Opening up his offensive game remains a challenge. He isn't someone a team can trust to run pick-and-rolls and doesn't look comfortable attacking off the dribble. His 40 percent clip from beyond the arc is encouraging, but it comes on just one attempt per 36 minutes.
"When he has good tempo and balance, he shoots pretty well," Bulls head coach Fred Hoiberg said, per the Chicago Tribune's K.C. Johnson. "But I've really loved what he's given us with that first group because of his toughness and physicality on the defensive end and his ability to push the ball as a facilitator on offense."
Although Nwaba's incomplete scoring resume will dissuade over-the-top sales pitches, it shouldn't deter the Atlanta Hawks. They have money to burn and need another wing capable of splitting time with Taurean Prince against the toughest assignments.
DeAndre' Bembry isn't strong enough to soak up those responsibilities with regularity. Kent Bazemore, when healthy, often does the trick, but he turns 29 in July.
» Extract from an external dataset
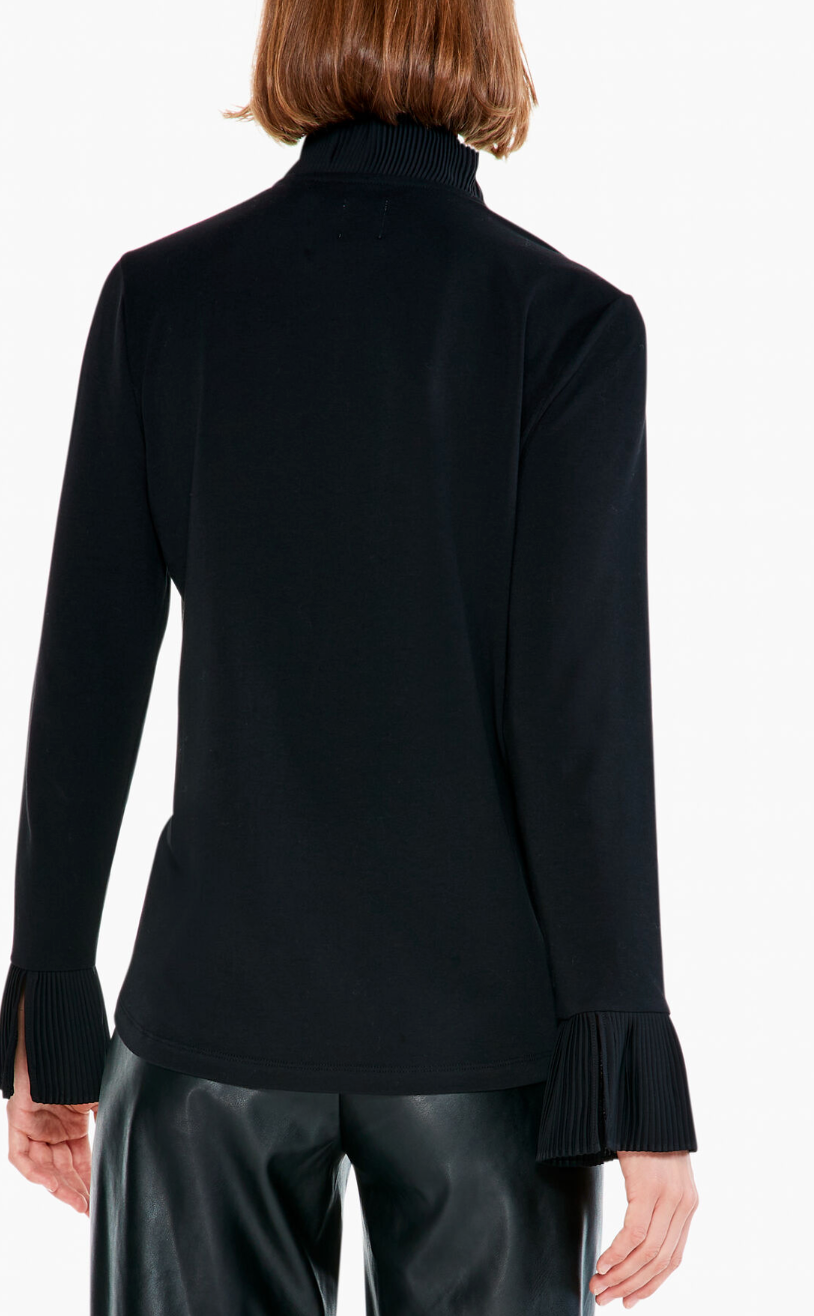 Ruffled Up Top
He won't finish his contract—which has two years and $37.4 million left on it—in Atlanta.
Stomaching Nwaba's offensive shortcomings won't be a problem if he's pulling his weight on defense. The Hawks can use him as a cutter, moderate-usage spot-up shooter and pace-pusher off rebounds until he's ready for a more expansive on-ball role.
And in the event he's never ready, well, a cross-position stopper with finite offensive tools still has a place in a league enamored with the former.
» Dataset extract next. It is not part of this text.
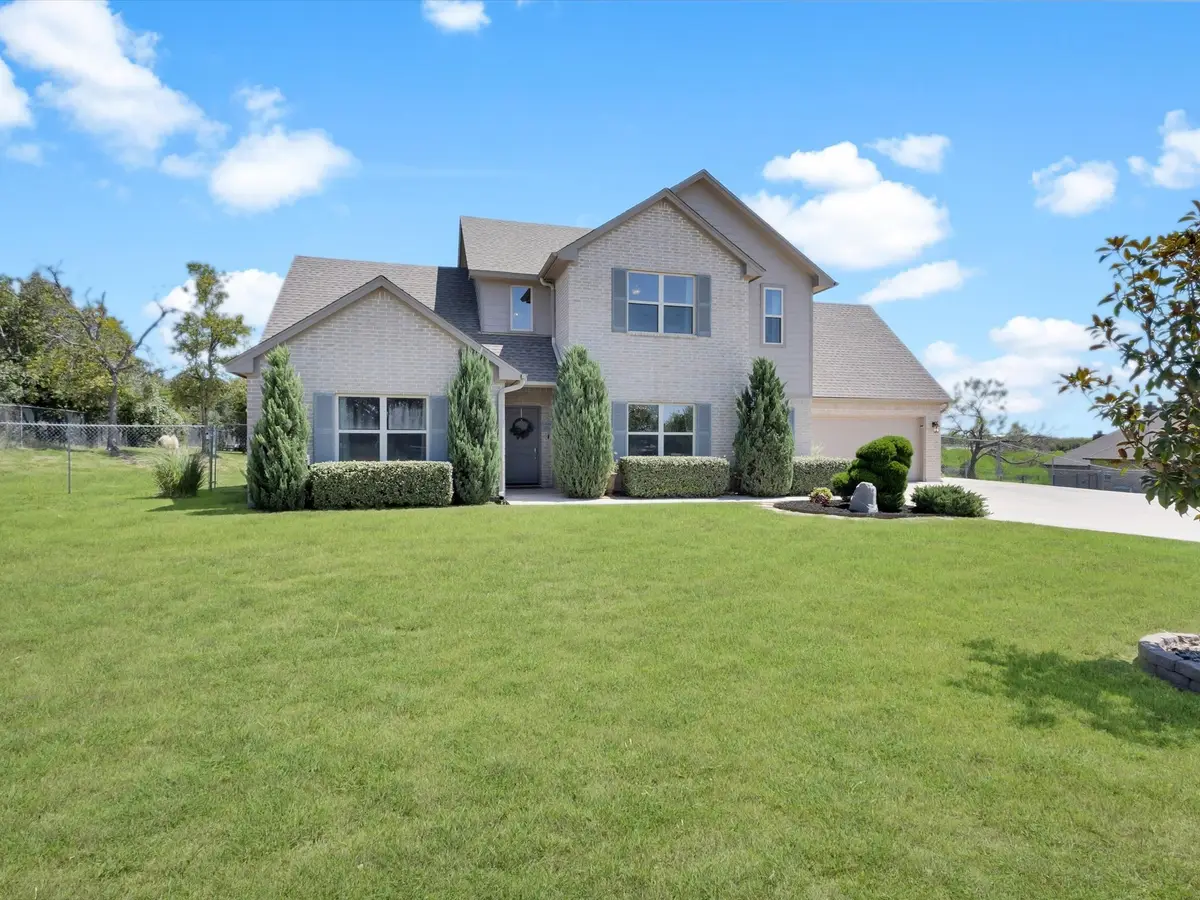 537 Dill Road, Weatherford, TX 76085 - Image #1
Fred VanVleet, Toronto Raptors
Free-Agency Status: Restricted
2017-18 Per-Game Stats: 8.3 points, 2.5 rebounds, 3.2 assists, 0.9 steals, 0.3 blocks, 41.8 percent shooting
Best Fit: Charlotte Hornets
Generating offense without Kemba Walker on the court has been a season-long struggle for the Charlotte Hornets. This issue won't vanish over the offseason.
Indeed, the Hornets have had an easier time in recent weeks, posting a respectable 105.6 offensive rating during the minutes Walker spends on the bench since Feb. 1. But this uptick comes amid a favorable schedule, still includes a substantive drop-off and, most critically, can hardly be counted on to last.
Finding a reliable stopgap to ferry the offense in Walker's absence must top the Hornets' offseason to-do list—provided they're not cannonballing into a rebuild. And with nothing more than some portion of the mid-level exception to peddle, they'll have to be methodical about whom they target.
Fred VanVleet is the rare restricted free agent they might be able to poach. The point guard market isn't brimming with meaningful additions, which makes him a commodity. But the league isn't flush with opening gigs either.
Pretty much all of VanVleet's admirers will be looking at him as a second-unit lifeline. That opens the door for those with mid-level money—exponentially so considering the Raptors, who have the right to match any offer he receives, will be up against the luxury tax before accounting for his next deal.
Charlotte shouldn't waste any time phoning VanVleet when the new league year begins July 1. Toronto is outscoring opponents by 14 points per 100 possessions when he plays without Kyle Lowry and DeMar DeRozan. The offense suffers when he's stripped of Delon Wright as a backcourt partner as well, but VanVleet continues to headline strong defensive units even then.
Running solo with the Hornets would be different. They don't enjoy as much depth. But the elbow grease VanVleet spills on defense is not personnel-dependent. He is one of the best pick-and-roll ball-handler harassers in the league, blasting through and getting over screens with the physicality and ease of someone much bigger than 6'0".
Sticking him beside other playmakers isn't an issue. Toronto has primed him for off-ball duty. More than one-third of his shot attempts are coming as standalone threes, and he's burying comfortably more than 42 percent of them.
Only seven players who qualify as point guards own higher RPMs on the season. Seven. That's it. In any other summer, VanVleet would be well outside the Hornets' grasp.
Fortunately for them—insofar as delaying an inevitable, much-needed rebuild can be fortunate—this won't just be any other summer.